Thanks for posting this and showing the metrics.

I am wondering if anything has changed since the past. Can WSL2 do DDP now?

@gunandrose4u

So I’m trying to run train_net.py in Windows. I have a machine with 4 GPUs. This works fine in Linux but not in Windows. In Windows I get:

raise RuntimeError(“No rendezvous handler for {}://”.format(result.scheme))
RuntimeError: No rendezvous handler for tcp://

Does this have anything to do with nccl vs gloo? Can I force a gloo backend to get DDP working in detectron2?

Are there changes I would have to make to get this working in Windows?

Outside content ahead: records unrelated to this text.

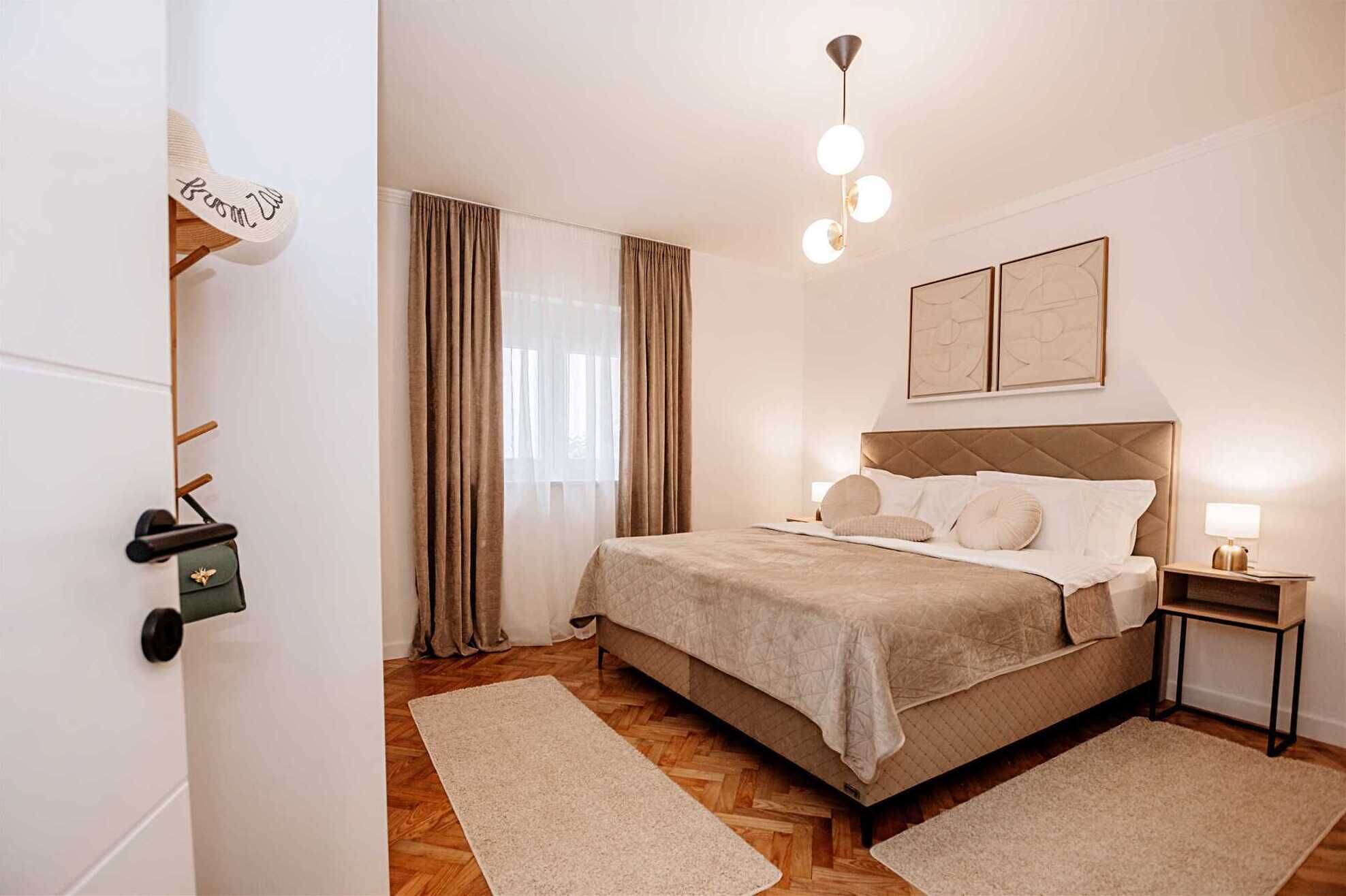 Una habitación de hotel con una cama, una mesita de noche, una lámpara, una luz en el techo y una puerta con perchero para toallas.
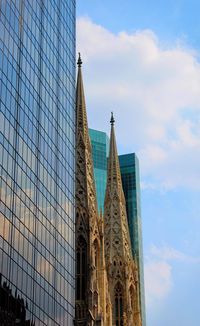Low angle view of modern buildings against sky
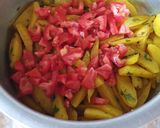 A picture of step 7 of Dry potatoe curry#cookingwith Tomatoescontest.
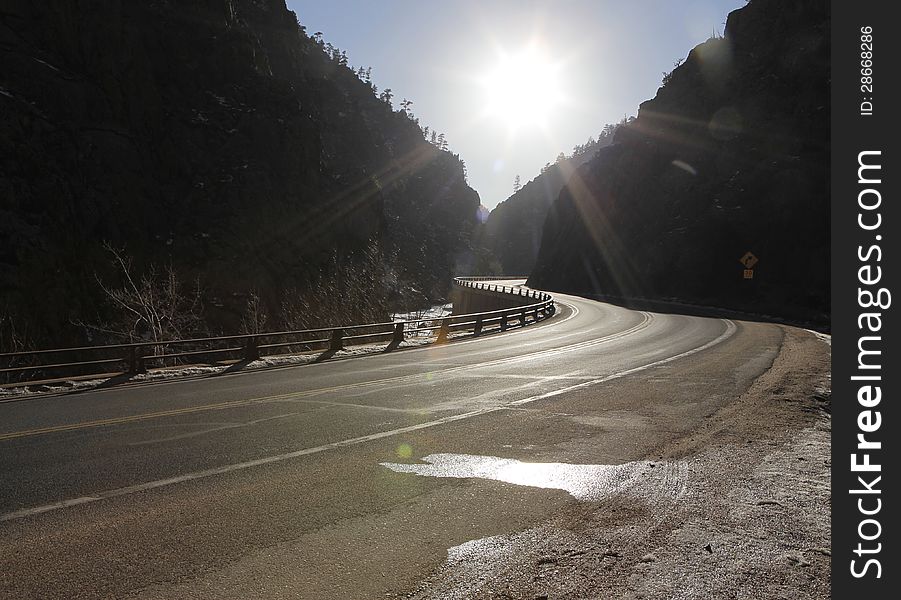 Sunlight shines on an old mountain road leading into the mountains.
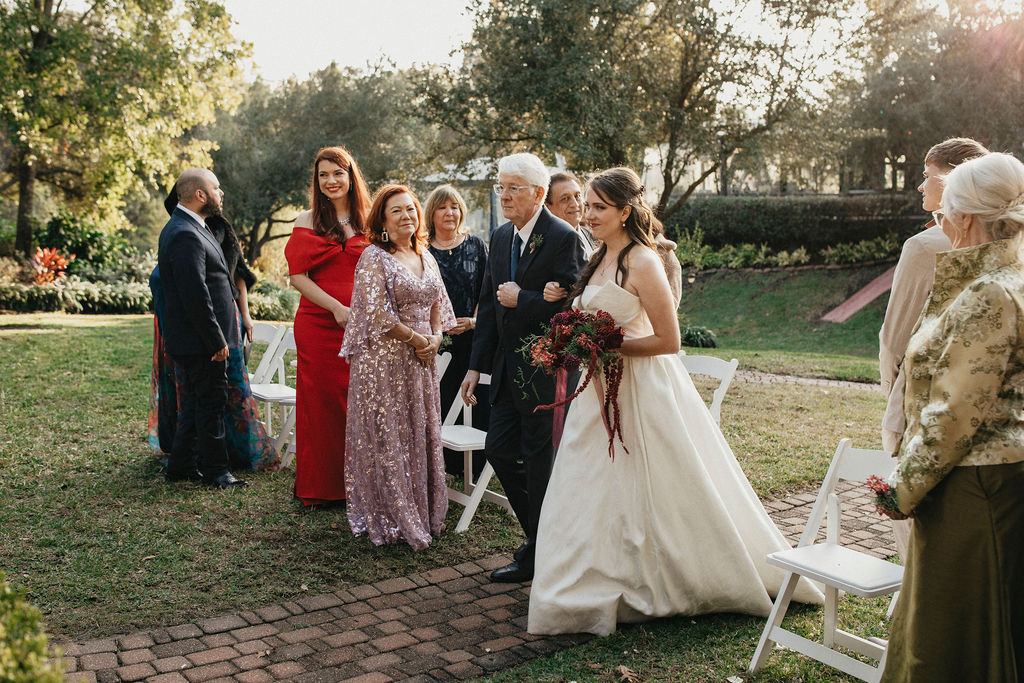 A bride walks down the aisle on her father's arm at her Houston elopement. 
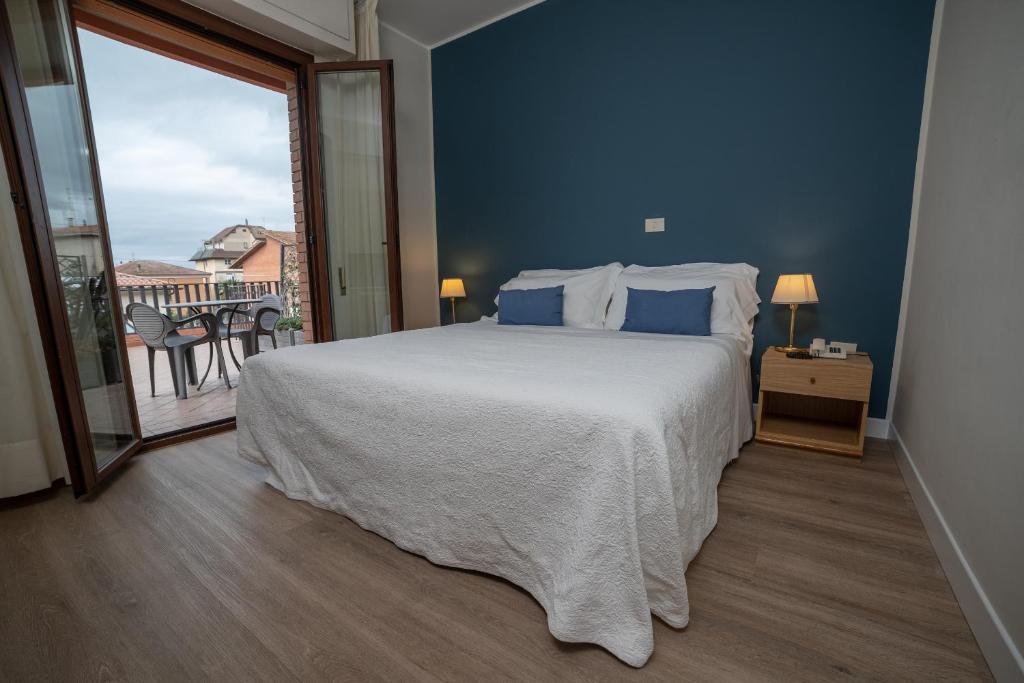 Postel nebo postele na pokoji v ubytování Hotel La Vela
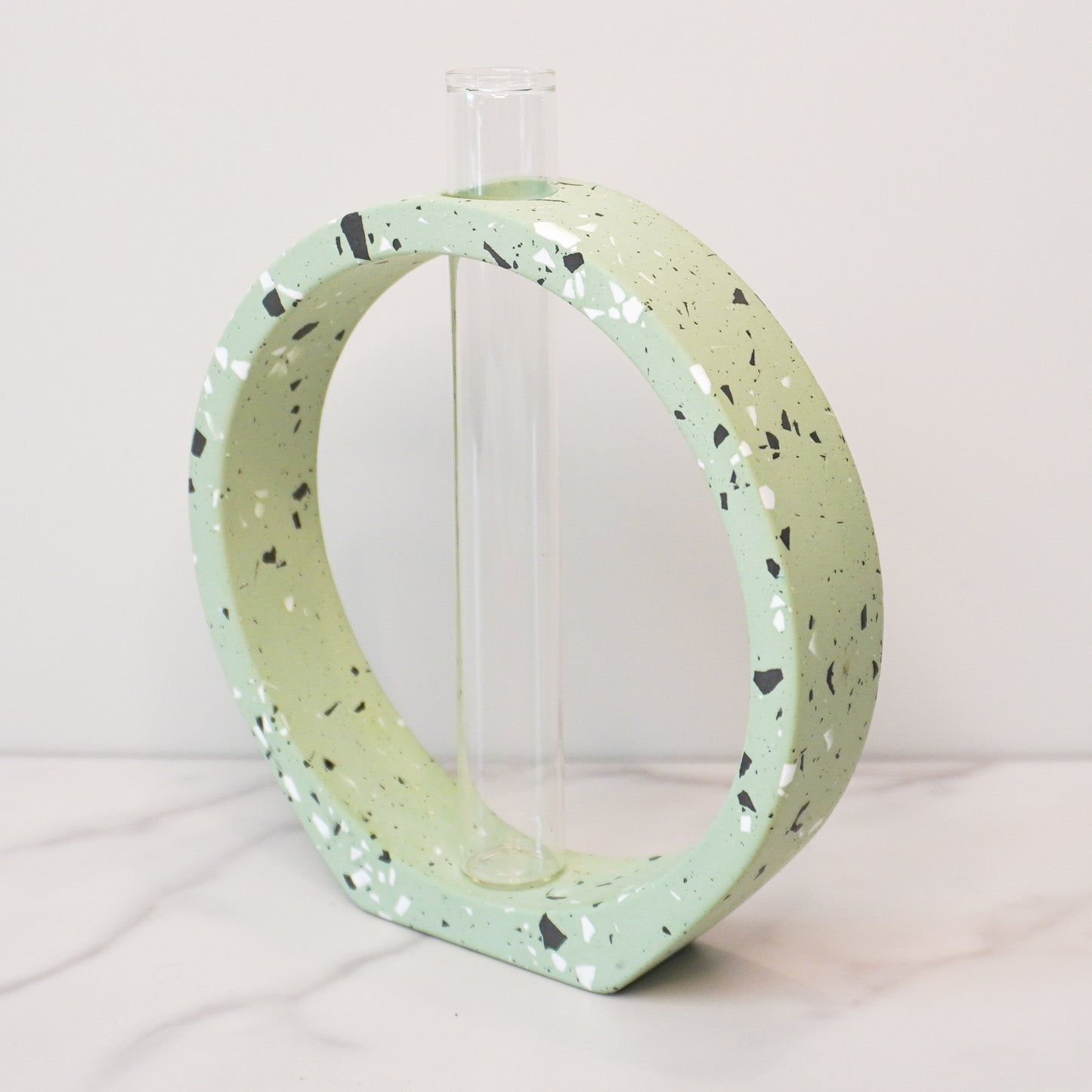 A speckled circle propagation vase with a modern terrazzo-style design in light green, featuring black, white, and gray flecks. The circular frame surrounds a clear glass test tube vase in the center, designed to hold plant cuttings. The vase sits on a white marble surface with a neutral background, showcasing its artistic and contemporary aesthetic.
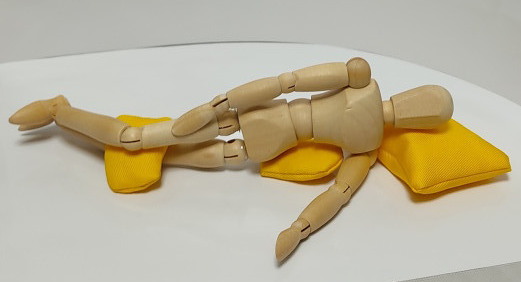 多目的枕の使用例。脇腹と膝をサポートする使い方。横臥位時の姿勢が安定し、首と肩にかかる負荷を軽減できます。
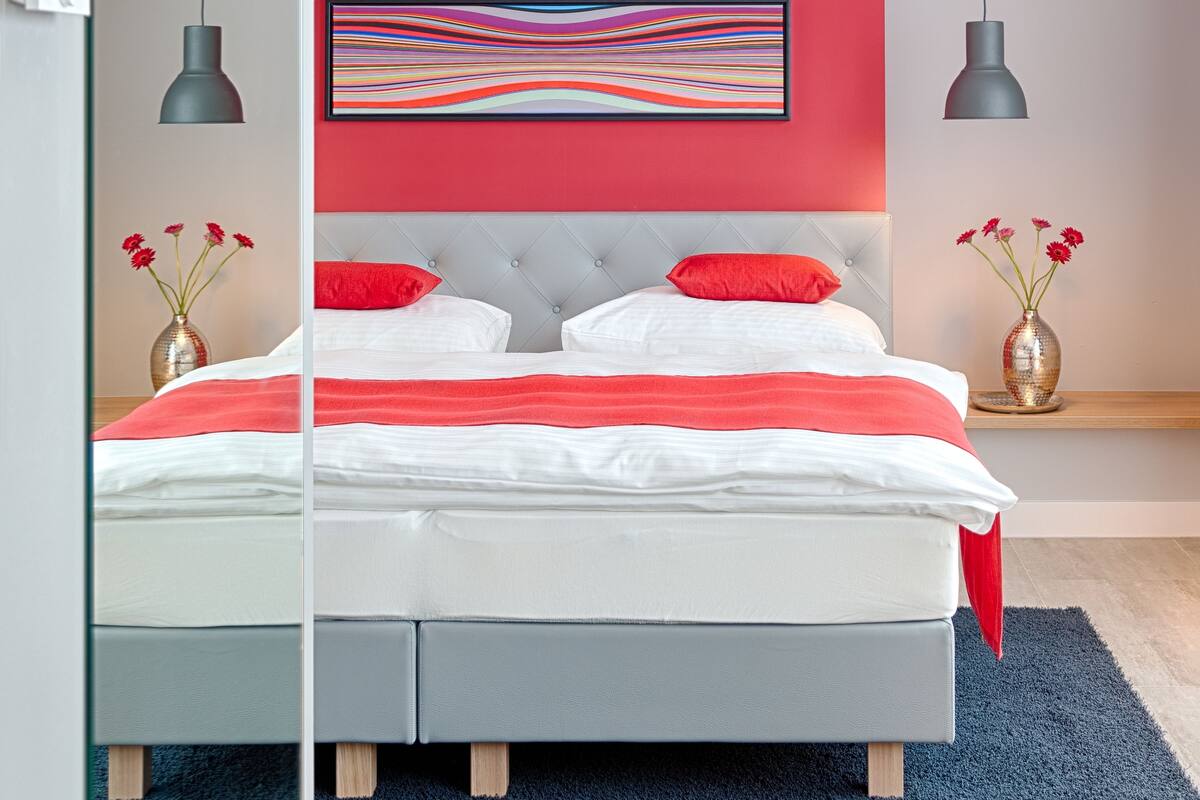 A modern bedroom with a bed, red pillows, a colorful abstract painting, and two vases with red flowers.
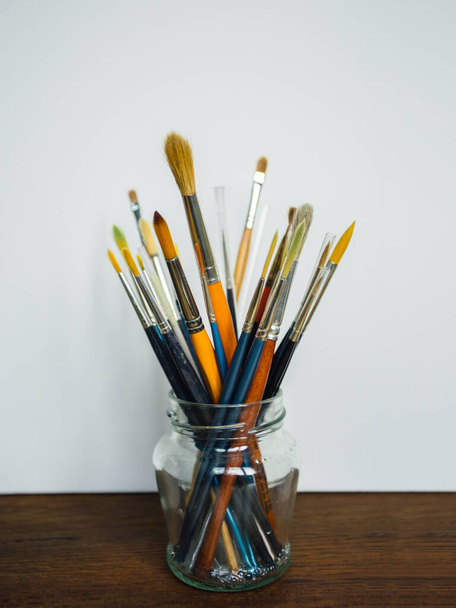 Paintbrushes in a jar at artist's studio - 写真・画像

I believe it would involve changes to detectron2\engine\launch.py

Would it be something like:

dist.init_process_group(backend=“gloo”, init_method=file:///c:/libtmp/test.txt, world_size=world_size, rank=global_rank)

Thank you posting the benchmark results. I am trying to reproduce the same results ourselves in my Windows environment but I am not able to see the same speed-up you get. Are you using an open benchmark? Or even if you could give us a few pointers on the ImageNet algo, training set and parameters it would be very appreciated. Thank you!

Hi folks, can anyone provide any guidance/point me at any links so I can understand more of what happens when (GPU-enabled) PyTorch is run on Windows 10 with 2 GPUs? I am doing an NLP project using the HuggingFace libraries and when I run it I get the warning UserWarning: PyTorch is not compiled with NCCL support which I can understand from discussion in this thread is (still) to be expected on Windows until NCCL is available.

So I run the script to run training on my model and looking at the performance tab of Task Manager, both GPU 0 and GPU 1 jump from effectively 0 memory usage to approximately similar 18GB of 24B on each GPU. Should I expect that both GPUs get busy given the NCCL issue above? Both GPUs seem busy, so what is happening?

Any clues very much appreciated!!!

And by the way, it is not my machine, I am remoting into it so not an option to install Linux to avoid Windows 10. That said, the owner of the machine has said he is happy to temporarily physically remove one of the GPUs so at least I would have more certainty of what is going on with only 1 GPU on Windows.

Have physically unistalled one GPU so problem over I hope.

Could you share your windows multi-gpu training code? I can not training with multi-gpu with DDP

Has your code worked?

os.environ['CUDA_VISIBLE_DEVICES'] = "0"

You can always use this in your train.py file to control which device is accessible to Pytorch.